TASK BRIEF - What is needed is an exact copy of the lines from the one containing "STONEHENGE1" through the last line of the records below, with no pictures.

----

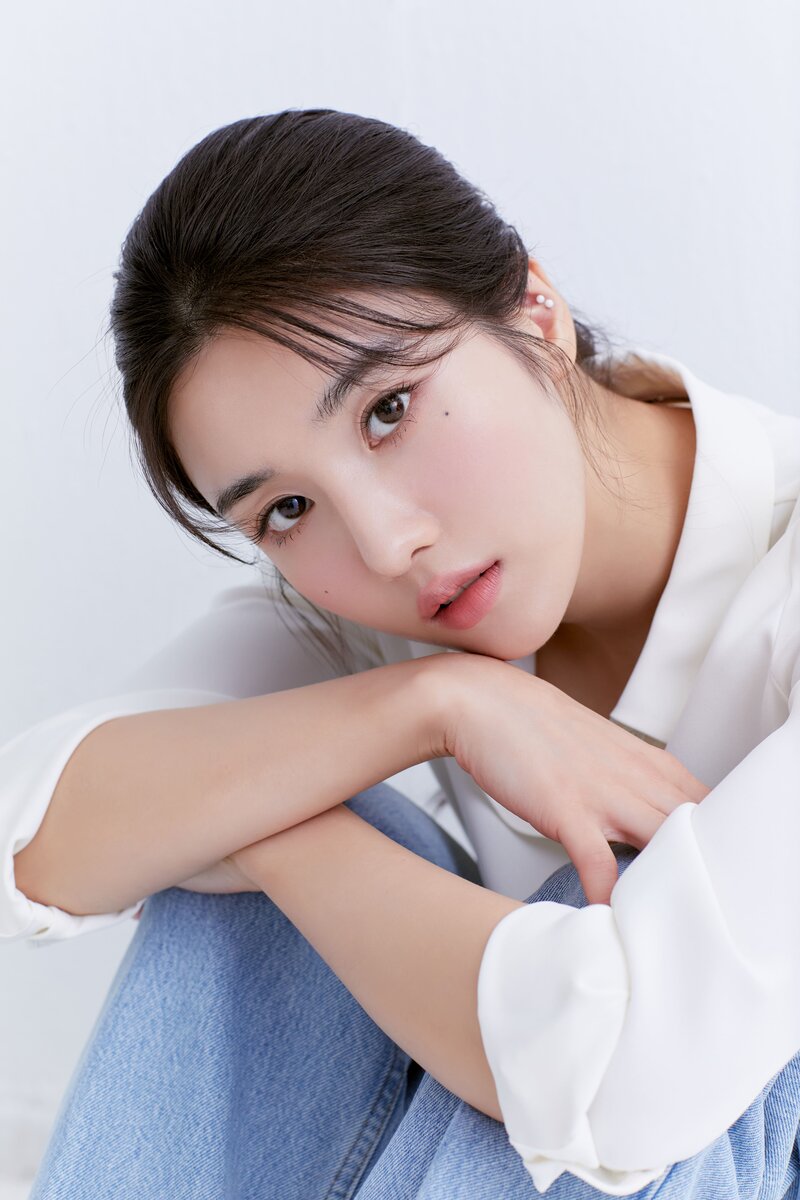 Kwon Eunbi 2021 Woollim Profile Photos documents 1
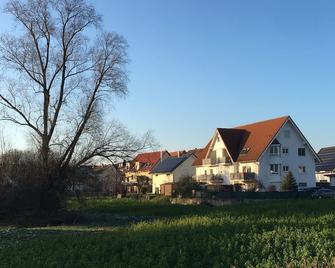 Sonnige Wohnung mit Balkon - Eppingen - Gebäude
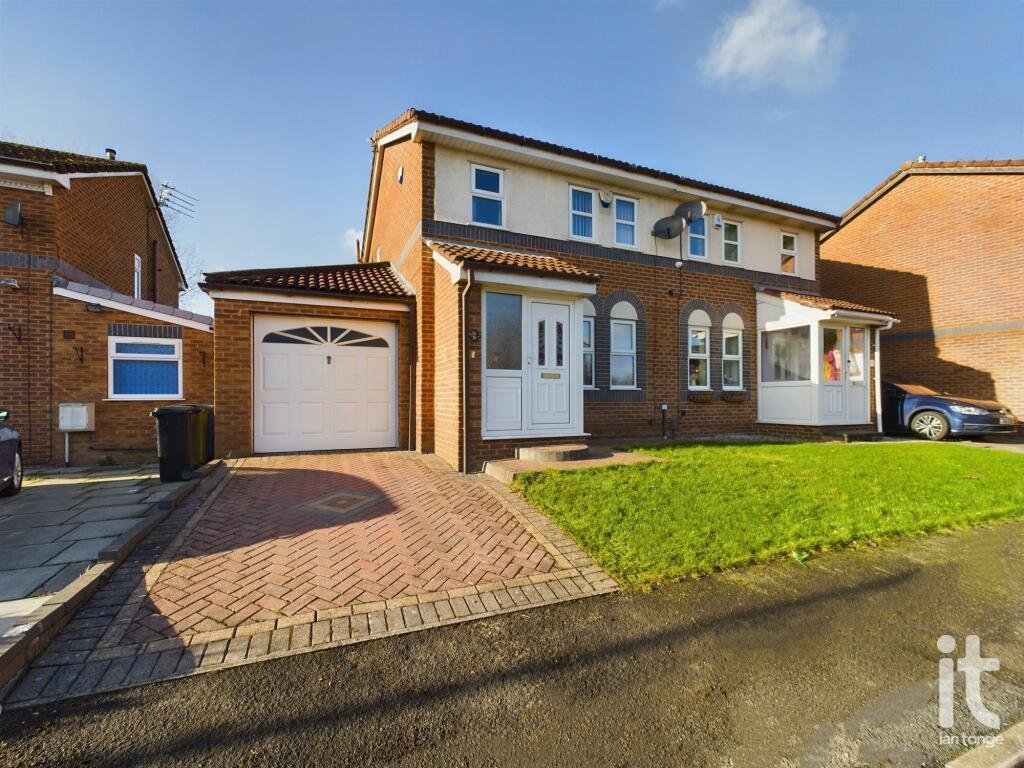 Main image of property: Farn Avenue, Reddish, Stockport
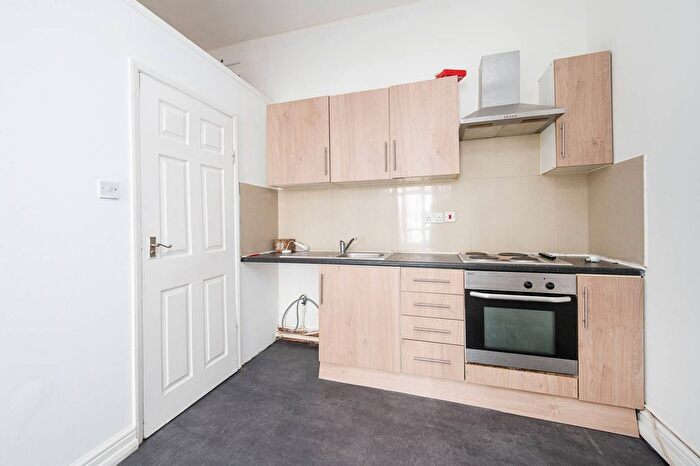 Studio To Rent In Barnabas Road, Hackney, London, E9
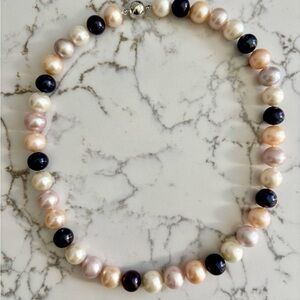 NWT Elegant multicolored Pearl Necklace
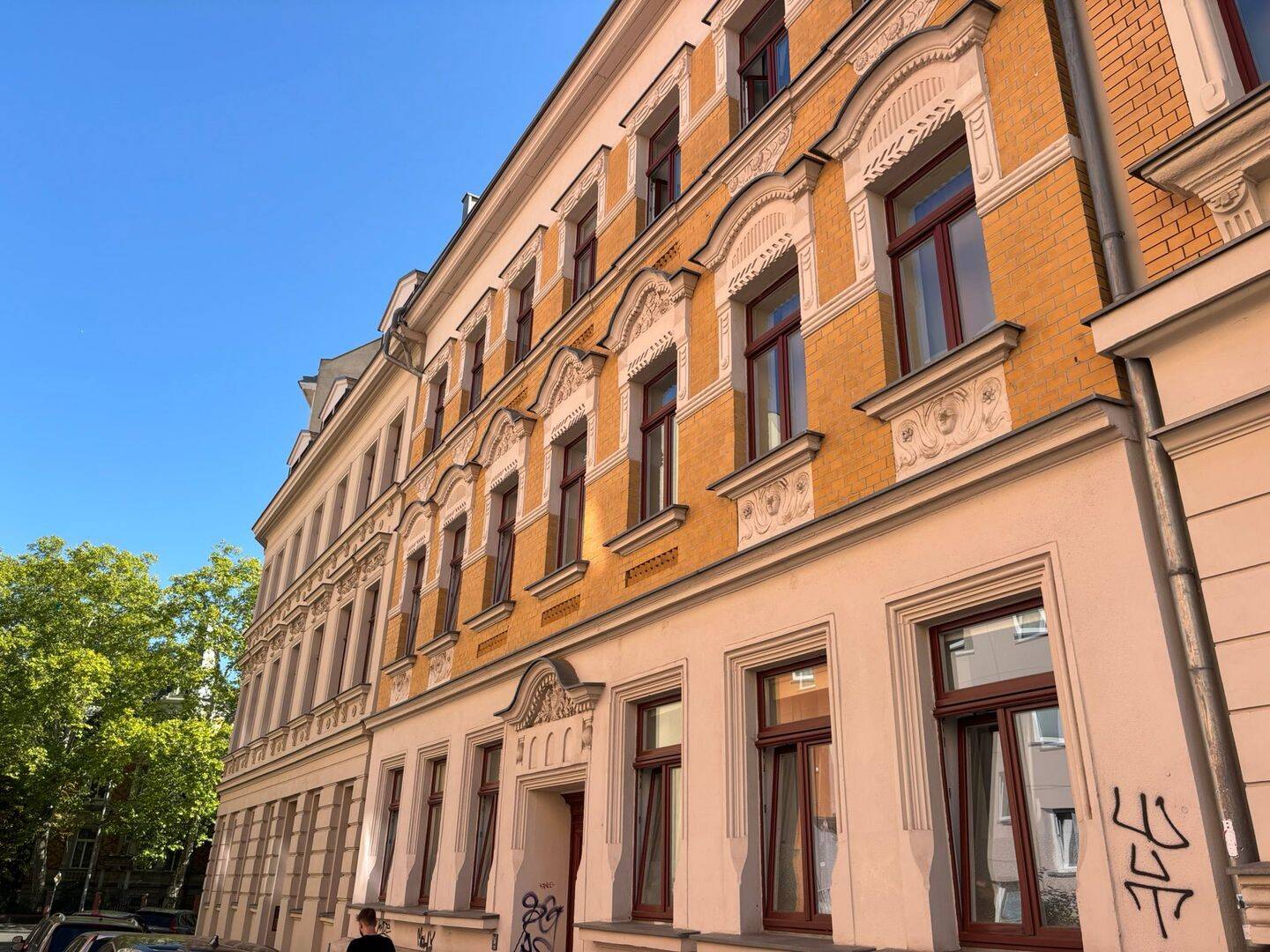 Kapitalanlage: 2-Zimmer WE mit Balkon im repräsentativen Denkmalobjekt! – Leipzig – Bild 1 von 9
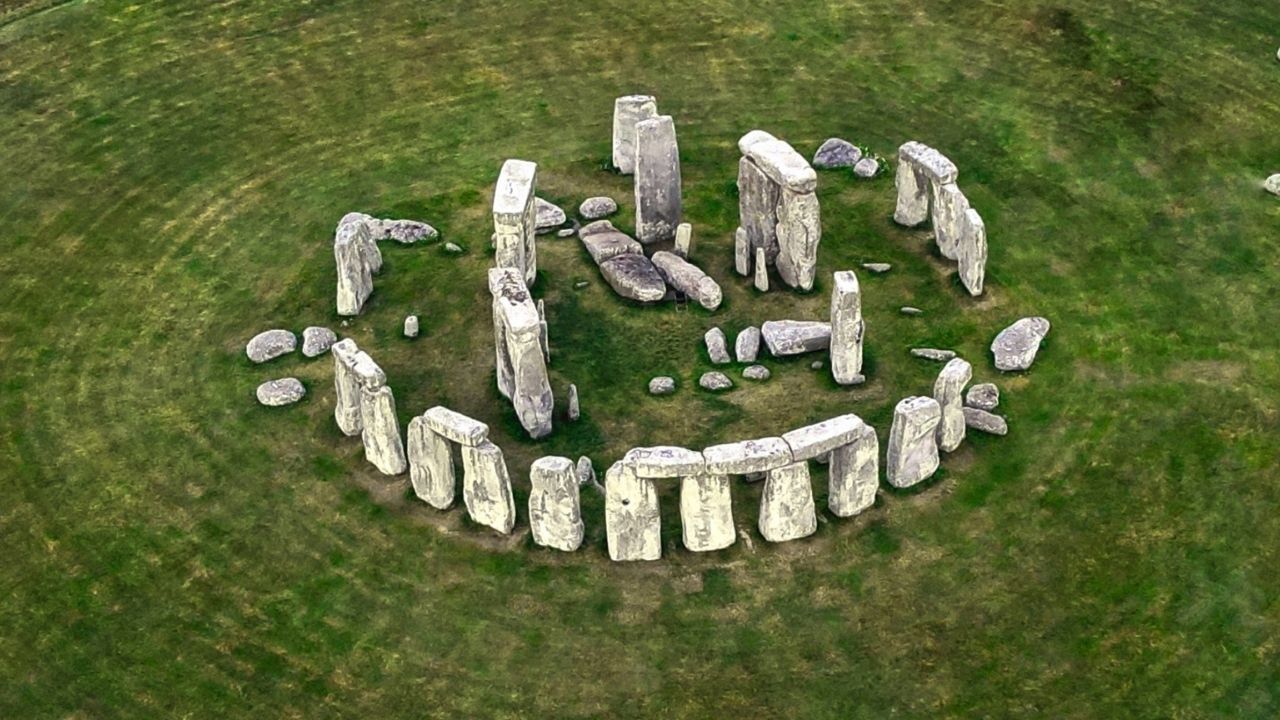 STONEHENGE1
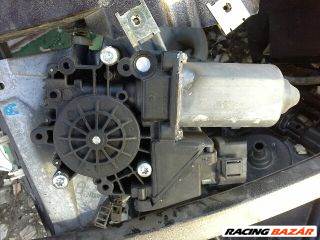 Audi A4 (B5 - 8D) Jobb Első Ablakemelő Motor *19986*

----

REPLY TO THE EXERCISE -
 STONEHENGE1
 Audi A4 (B5 - 8D) Jobb Első Ablakemelő Motor *19986*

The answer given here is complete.